[1345] in java-interest
Re: Commercial view of Java ...
daemon@ATHENA.MIT.EDU (Rawn Shah)
Wed Aug 30 17:14:18 1995
From: Rawn Shah <rawn@rtd.com>
To: Michael.D.Byrne@norwest.com (Michael D. Byrne)
Date: Wed, 30 Aug 1995 11:28:42 -0700 (MST)
Cc: java-interest@java.sun.com
In-Reply-To: <30438a8b2006002@nwhub1.norwest.com> from "Michael D. Byrne" at Aug 29, 95 04:45:48 pm
:
: So, what would I like to see in Java?
:
: 1. Persistence of objects at the workstation in a way more elegant than cache.

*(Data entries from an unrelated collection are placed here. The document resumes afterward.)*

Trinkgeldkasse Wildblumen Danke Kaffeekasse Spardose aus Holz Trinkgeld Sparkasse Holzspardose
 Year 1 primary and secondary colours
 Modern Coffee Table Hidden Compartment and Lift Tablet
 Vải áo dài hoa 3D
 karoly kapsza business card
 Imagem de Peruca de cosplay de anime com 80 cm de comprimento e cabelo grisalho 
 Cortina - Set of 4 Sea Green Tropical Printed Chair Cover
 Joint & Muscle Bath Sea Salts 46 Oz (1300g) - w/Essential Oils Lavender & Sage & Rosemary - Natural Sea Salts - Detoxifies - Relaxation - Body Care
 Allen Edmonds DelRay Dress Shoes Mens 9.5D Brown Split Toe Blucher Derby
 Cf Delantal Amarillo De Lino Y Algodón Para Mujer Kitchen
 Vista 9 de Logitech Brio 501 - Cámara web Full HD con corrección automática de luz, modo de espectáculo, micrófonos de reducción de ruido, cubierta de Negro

Interesting but I do not think necessary for every instance. I think it
may cause unnecessary load for temporary objects. Unfortunately, there isn't
multiple inheritance. If there was, subclass Object to become persistent
and inherit this as well as any other class to make it work inside your
prog.
:
: 2. Automatic versioning of applets!! Get a new one if & only if you need
: to, automatically.
This I like. Versioning of applets may be quite important in some cases.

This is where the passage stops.